Representa o maior piciforme da América do Sul, destacando-se por seu porte imponente e adaptações morfológicas especializadas para a vida florestal. Esta espécie atinge entre 36 e 45 centímetros de comprimento total e possui uma massa corporal que varia de 300 a 363 gramas. Apresenta um acentuado dimorfismo sexual baseado na coloração cefálica. O macho exibe uma crista, nuca e cabeça inteiramente vermelhas-escuras, enquanto o restante do seu corpo é revestido por uma plumagem preta-azulada brilhante com marcas brancas nas penas secundárias internas. A hembra possui plumagem quase totalmente preta, apresentando apenas uma discreta mancha vermelha na base do bico e uma longa crista preta que se curva graciosamente para a frente. Ambos os sexos têm olhos com íris amarelo-clara, pés zigodáctilos com garras fortes para escalada vertical e retrizes rígidas na cauda para sustentação nos troncos.
Distribuição geográfica: É uma espécie endêmica da porção austral da América do Sul, habitando as encostas da cordilheira dos Andes e áreas florestais vizinhas. Ocorre de maneira contínua desde as regiões de Maule e O´Higgins no Chile, e a província de Neuquén na Argentina, estendendo-se em direção ao sul até o arquipélago da Terra do Fogo.
Ambiente: Está intimamente associado às florestas temperadas úmidas de tipo subantártico e patagônico. Prefere habitats florestais primários ou maduros que contêm árvores antigas de grandes dimensões e uma abundância significativa de madeira morta em pé.
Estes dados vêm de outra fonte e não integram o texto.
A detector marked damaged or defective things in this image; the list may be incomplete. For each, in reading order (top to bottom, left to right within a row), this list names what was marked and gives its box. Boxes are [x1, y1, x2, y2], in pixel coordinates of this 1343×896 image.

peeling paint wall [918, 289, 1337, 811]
Os ecossistemas preferidos são dominados por espécies do gênero Nothofagus, conhecidas como faias-do-sul, incluindo o coihue (Nothofagus dombeyi), a lenga (Nothofagus pumilio) e o ñire (Nothofagus antarctica), além de florestas de cipreste-da-cordilheira (Austrocedrus chilensis).
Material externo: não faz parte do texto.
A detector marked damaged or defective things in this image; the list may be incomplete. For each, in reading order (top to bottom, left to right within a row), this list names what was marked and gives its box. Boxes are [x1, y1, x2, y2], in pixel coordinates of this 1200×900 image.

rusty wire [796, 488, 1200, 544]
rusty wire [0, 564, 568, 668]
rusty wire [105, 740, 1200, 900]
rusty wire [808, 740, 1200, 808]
Alimentação: Sua dieta é altamente especializada, sendo composta principalmente por larvas de grandes coleópteros broqueadores de madeira, especialmente das famílias Cerambycidae e Buprestidae. O método de forrageamento consiste em remover a casca das árvores e perfurar troncos em decomposição usando o bico forte, extraindo as presas com sua língua longa e viscosa. Complementa sua alimentação consumindo aranhas, seiva, bagas silvestres e, ocasionalmente, pequenos lagartos ou ovos de outras aves.
Comportamento: É uma ave territorial e monogâmica que vive em grupos familiares estáveis compostos por dois a cinco indivíduos. A comunicação do grupo é mantida por meio de gritos nasais característicos e pelo emblemático duplo golpe ou tamborilar, um sinal acústico percussivo de longa distância usado para marcação de território. Seu voo é nitidamente ondulado e pesado, e o deslocamento nas árvores ocorre em movimentos espirais ascendentes ao longo dos troncos principais.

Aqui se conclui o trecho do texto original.